3. An RN is writing reminders for good documentation for the nurses on her staff. The purpose is to ensure nursing documentation is legally credible. Which of the following is a recommendation she should include in the reminders?
- A. Use shortcuts in documentation.
- B. Only use approved abbreviations.
- C. Documentation should be subjective.
- D. Document after care is provided.
Correct answer: B
Rationale: The correct recommendation that should be included in the reminders for ensuring legally credible nursing documentation is to 'Only use approved abbreviations.' Using shortcuts in documentation (Choice A) may lead to incomplete or vague information, compromising the credibility of documentation. Documentation should not be subjective (Choice C) but rather objective and based on factual information. While it is important to document after care is provided (Choice D), the immediate documentation following care provision is critical for accuracy and legal credibility.
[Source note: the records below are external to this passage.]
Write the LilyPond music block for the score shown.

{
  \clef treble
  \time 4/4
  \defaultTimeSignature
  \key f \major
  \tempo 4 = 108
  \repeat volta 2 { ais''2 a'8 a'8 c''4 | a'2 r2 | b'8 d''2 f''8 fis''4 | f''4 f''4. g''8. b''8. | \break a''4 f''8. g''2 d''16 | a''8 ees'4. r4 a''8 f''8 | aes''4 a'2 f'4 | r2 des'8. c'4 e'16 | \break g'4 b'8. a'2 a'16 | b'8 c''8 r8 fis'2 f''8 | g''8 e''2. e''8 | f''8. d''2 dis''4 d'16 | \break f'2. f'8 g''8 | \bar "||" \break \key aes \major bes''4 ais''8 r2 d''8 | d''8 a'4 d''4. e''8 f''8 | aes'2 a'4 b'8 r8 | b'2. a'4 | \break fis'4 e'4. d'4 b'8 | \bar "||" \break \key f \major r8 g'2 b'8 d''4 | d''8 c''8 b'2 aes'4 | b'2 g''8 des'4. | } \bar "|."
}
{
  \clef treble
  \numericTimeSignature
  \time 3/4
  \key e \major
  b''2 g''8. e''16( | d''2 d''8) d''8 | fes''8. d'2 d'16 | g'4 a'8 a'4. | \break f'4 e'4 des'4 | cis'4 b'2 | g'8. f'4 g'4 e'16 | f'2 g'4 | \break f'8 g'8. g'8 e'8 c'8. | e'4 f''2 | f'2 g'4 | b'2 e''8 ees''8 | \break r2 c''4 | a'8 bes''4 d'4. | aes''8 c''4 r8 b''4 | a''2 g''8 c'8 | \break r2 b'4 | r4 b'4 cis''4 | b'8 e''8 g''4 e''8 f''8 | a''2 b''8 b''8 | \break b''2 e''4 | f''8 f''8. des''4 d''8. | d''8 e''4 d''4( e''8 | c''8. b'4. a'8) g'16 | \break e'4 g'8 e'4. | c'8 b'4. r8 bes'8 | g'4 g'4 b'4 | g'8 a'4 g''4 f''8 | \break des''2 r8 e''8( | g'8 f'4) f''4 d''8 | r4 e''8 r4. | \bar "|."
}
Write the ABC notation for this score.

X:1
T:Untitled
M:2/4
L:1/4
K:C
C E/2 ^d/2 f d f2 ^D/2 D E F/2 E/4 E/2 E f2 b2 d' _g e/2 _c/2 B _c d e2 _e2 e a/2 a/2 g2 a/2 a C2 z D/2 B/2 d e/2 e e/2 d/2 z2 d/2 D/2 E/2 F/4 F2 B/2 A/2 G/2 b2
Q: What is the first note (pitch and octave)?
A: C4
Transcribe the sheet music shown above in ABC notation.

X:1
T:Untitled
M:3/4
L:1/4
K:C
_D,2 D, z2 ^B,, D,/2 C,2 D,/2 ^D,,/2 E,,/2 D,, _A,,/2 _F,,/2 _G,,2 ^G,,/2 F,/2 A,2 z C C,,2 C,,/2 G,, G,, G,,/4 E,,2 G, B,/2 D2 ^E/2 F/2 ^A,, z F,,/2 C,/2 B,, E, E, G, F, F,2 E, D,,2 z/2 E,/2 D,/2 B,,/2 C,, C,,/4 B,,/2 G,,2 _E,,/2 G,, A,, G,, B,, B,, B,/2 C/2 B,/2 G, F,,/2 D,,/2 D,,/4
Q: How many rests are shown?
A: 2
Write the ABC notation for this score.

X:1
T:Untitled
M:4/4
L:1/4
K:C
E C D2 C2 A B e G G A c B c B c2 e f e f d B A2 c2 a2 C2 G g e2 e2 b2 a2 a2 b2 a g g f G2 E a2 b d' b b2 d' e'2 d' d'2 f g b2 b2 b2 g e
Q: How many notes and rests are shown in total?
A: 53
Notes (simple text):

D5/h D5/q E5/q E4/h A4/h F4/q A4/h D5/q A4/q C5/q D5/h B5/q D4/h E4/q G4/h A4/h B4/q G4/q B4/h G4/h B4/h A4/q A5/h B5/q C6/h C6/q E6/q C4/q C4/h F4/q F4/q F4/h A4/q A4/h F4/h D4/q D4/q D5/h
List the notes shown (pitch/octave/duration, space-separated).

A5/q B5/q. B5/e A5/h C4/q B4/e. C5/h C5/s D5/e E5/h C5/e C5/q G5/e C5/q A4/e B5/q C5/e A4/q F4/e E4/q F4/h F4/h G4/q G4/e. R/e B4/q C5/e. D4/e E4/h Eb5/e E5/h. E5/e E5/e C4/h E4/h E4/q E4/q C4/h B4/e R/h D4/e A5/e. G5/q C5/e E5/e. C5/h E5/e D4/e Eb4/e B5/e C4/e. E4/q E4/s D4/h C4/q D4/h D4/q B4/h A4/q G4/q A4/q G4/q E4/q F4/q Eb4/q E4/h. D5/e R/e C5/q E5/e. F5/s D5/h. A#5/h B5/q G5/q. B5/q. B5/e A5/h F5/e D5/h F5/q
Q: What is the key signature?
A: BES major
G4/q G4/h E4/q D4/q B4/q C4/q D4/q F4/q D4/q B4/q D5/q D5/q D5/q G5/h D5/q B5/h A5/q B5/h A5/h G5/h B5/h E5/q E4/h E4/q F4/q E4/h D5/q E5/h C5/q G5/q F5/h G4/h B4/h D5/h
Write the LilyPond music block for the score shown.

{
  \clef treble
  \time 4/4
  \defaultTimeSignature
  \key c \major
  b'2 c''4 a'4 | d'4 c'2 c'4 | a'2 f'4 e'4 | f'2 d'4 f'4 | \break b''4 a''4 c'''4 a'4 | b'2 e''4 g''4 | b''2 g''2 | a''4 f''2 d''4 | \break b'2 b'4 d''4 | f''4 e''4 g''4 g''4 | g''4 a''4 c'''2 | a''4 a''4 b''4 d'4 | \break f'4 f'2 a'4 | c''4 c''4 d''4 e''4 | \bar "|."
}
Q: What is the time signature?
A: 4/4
4. A nurse is caring for a client who is postoperative and is exhibiting signs of hemorrhagic shock. The nurse notifies the surgeon, who tells the nurse to continue to measure the client's vital signs every 15 min and to report back in 1 hour. Which of the following actions should the nurse take next?
- A. Document the surgeon's instructions in the client's medical record.
- B. Complete an incident report.
- C. Consult the charge nurse.
- D. Notify the nursing manager.
Correct answer: D
Rationale: In this scenario, the nurse should notify the nursing manager next. The surgeon's instructions are related to the client's condition, and it is crucial to inform the nursing manager about the situation. Option A is incorrect because documenting the surgeon's instructions in the medical record is not the immediate next step. Option B is also incorrect as completing an incident report is not warranted in this situation. Option C is not the best choice as consulting the charge nurse may cause a delay in escalating the situation to higher management, which is necessary in cases of emergency like hemorrhagic shock.
5. What is the term used for assigning a rating based on an overall impression?
- A. Recency error.
- B. Leniency error.
- C. Absolute judgment.
- D. Halo error.
Correct answer: D
Rationale: The correct answer is 'Halo error.' Halo error occurs when a rating is given based on a general impression rather than specific performance criteria. Choice A, 'Recency error,' refers to rating an employee based on recent events rather than the entire evaluation period. Choice B, 'Leniency error,' is when a manager consistently rates employees higher than they deserve. Choice C, 'Absolute judgment,' involves evaluating based on established standards rather than an overall impression.